Michele Bullock, who is due to replace Philip Lowe as head of the Reserve Bank of Australia in September, said it was important for the central bank to understand how the changing climate and the accompanying transition to a low carbon economy would push prices around.
In her final speech as deputy governor, Ms Bullock said there were both physical shocks and transition impacts to contend with.
"Hotter temperatures and more extreme weather will disrupt businesses, damage property and lower productivity growth," she said at the Sir Leslie Melville Lecture at the Australian National University.
"Actions taken to reduce emissions may present adjustment costs, but they will also present opportunities."

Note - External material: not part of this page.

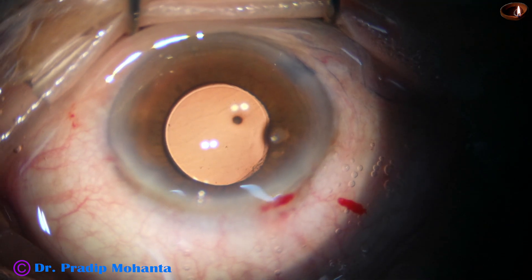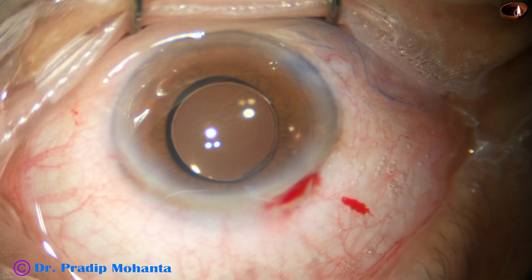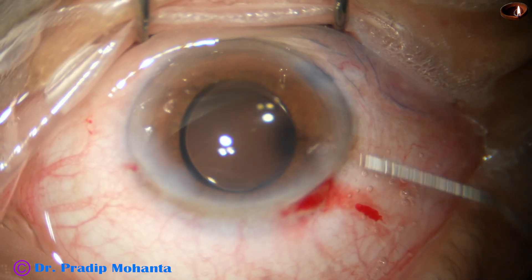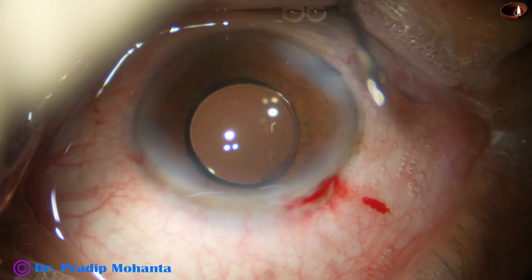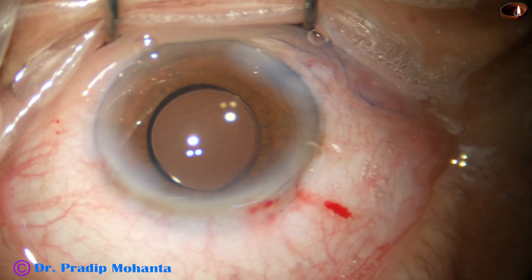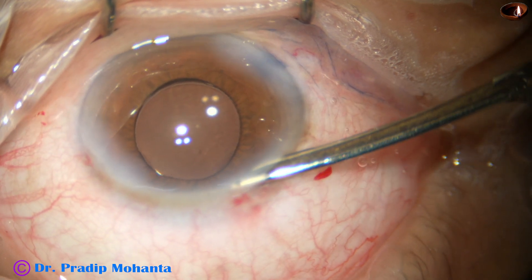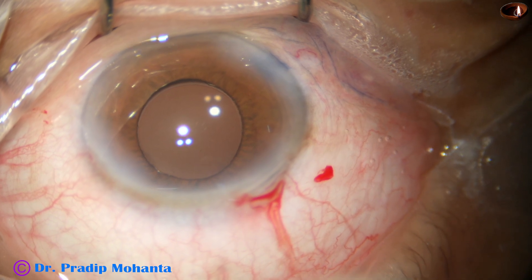And now this is a bit of moxifloxacin, then the side ports are closed by stromal hydration. We should inject fluid on the scleral side of the side port, not the corneal side — just as a precaution not to cause Descemet's membrane detachment. And now this is the final lavage of the anterior chamber. The anterior chamber is formed nicely, integrity of all the wounds are checked, and the case is concluded.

On the transition, she said there was "a lot of uncertainty in the area" but there is "general agreement that a timely and orderly transition will be the less costly approach in the long run".
For setting monetary policy, she said climate change could affect the neutral interest rate, which is when monetary policy is neither expansionary nor contractionary.
The impact of climate change on the neutral interest rate was not clear cut.
"In a world where significant climate risks materialise, households may be more likely to accumulate savings and firms may be less willing to invest, putting downward pressure on the neutral rate, and limiting the effective monetary policy space available to policymakers where interest rates are still positive," she explained.
"On the other hand, the extra investment required to replace capital stocks destroyed by more frequent natural disasters or to transition to a lower emissions economy could put upward pressure on the neutral rate."
Ms Bullock also said climate-related trends could cause the central bank to re-examine the merits of flexible inflation targeting.
The recent review into the RBA found the flexible target was working well and recommended it stay in use.
"Nevertheless, I expect that debate will continue," Ms Bullock said.
The Intergenerational Report released last week predicted higher temperatures could reduce economic output over the next four decades by up to $423 billion.